Despite losing a game that was within reach multiple times, the first-year coach, who is insistent that he doesn't think in terms of wins and losses, found a great deal of encouragement in his team's performance. “We followed the game plan a lot better,” said Turgeon. “Defensively, we're growing up. We didn't win the game but we hung around until about the three minute mark against a pretty good team.”

“We want to get better but we want to make sure we get the wins at the same time,” said Pe'Shon Howard. “We just have to make sure that we put ourselves in the right position to keep improving from where we are now.”

One of the areas in which the Terps are in need of desperate improvement is at the free throw line, where they shot an abysmal 11-for-21 (52.4%) Wednesday.

For what many would call the first “big game” for much of this young Terrapins team, the performance was more than encouraging and at times, as some would venture to say it was “fun to watch”. As a matter of fact, Wednesday also turned out to be what Mark Turgeon had envisioned when he took the position last May, sans the loss. “That was great,” he said of the atmosphere. “It made a huge difference for us … I can't wait until we get to the point where we get our program where I know we are going to get it; where we are selling every game out, not just Duke and North Carolina.”

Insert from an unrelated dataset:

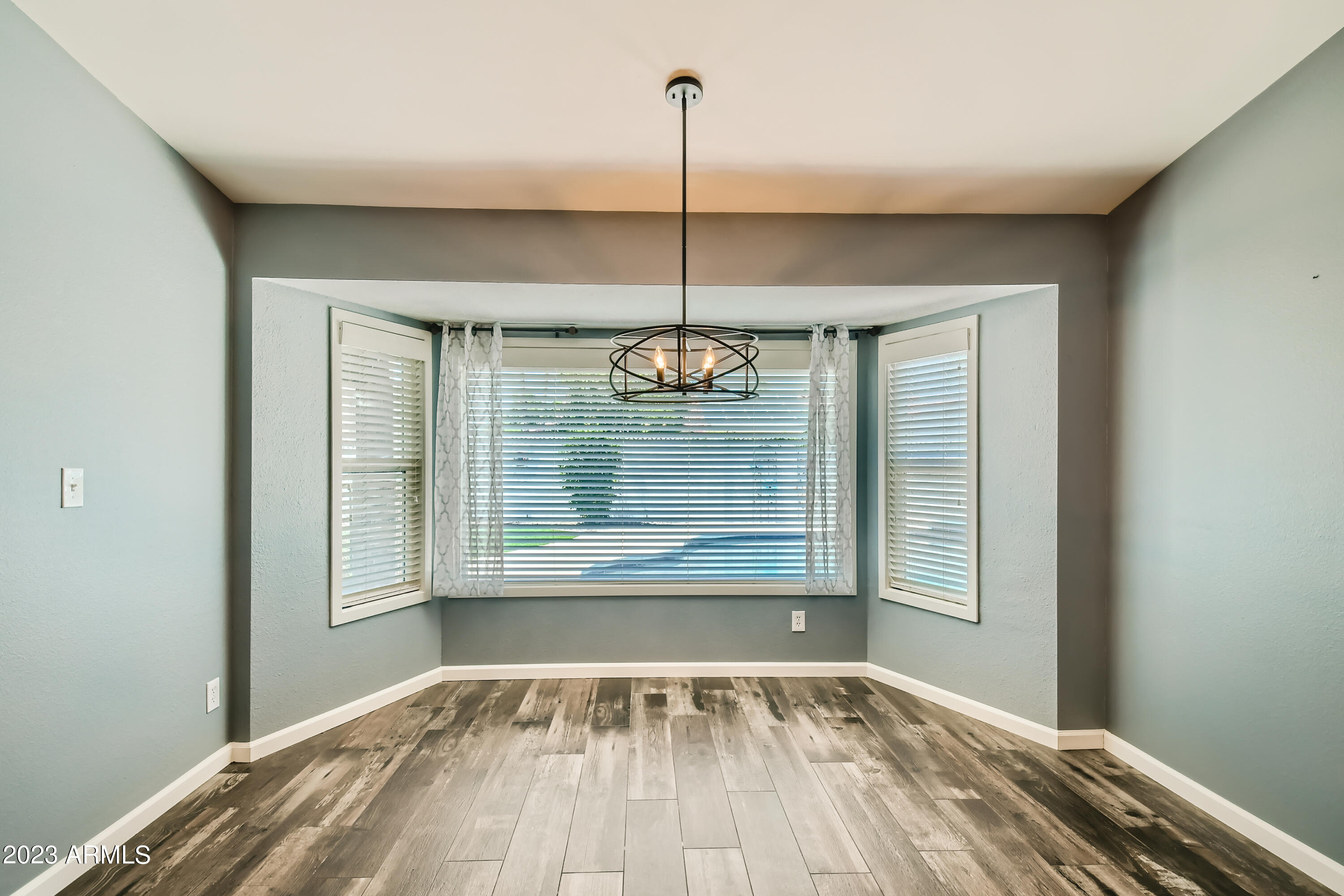 2432 West Hearn Road Phoenix, AZ 85023 - Photo 8 of 27 08 Dining Room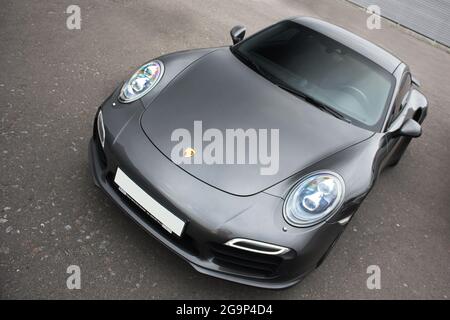 Kiev, Ucraina - 17 ottobre 2016: Porsche 911 Turbo S. Gray auto sportiva primo piano Foto Stock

Despite the loss on an emotional night in College Park, there was a sense of impressiveness surrounding the team that has come leaps and bounds from their tumultuous offseason. “We have the potential of being a very good team,” said freshman forward Ashton Pankey, who had eight points and a team-high eight boards. “We've got to come together as a collective effort and find a way to win these close games.”

But as Pe'Shon Howard was quick to point out, all talk of “encouraging” and “potential” aside, the Terps are still in growing need of a tournament-caliber performance, as they currently are riding a three game losing streak. “It means something when you turn around and win,” said Howard. “Staying close to three or four doesn't get you into the tournament. That's all that matters.”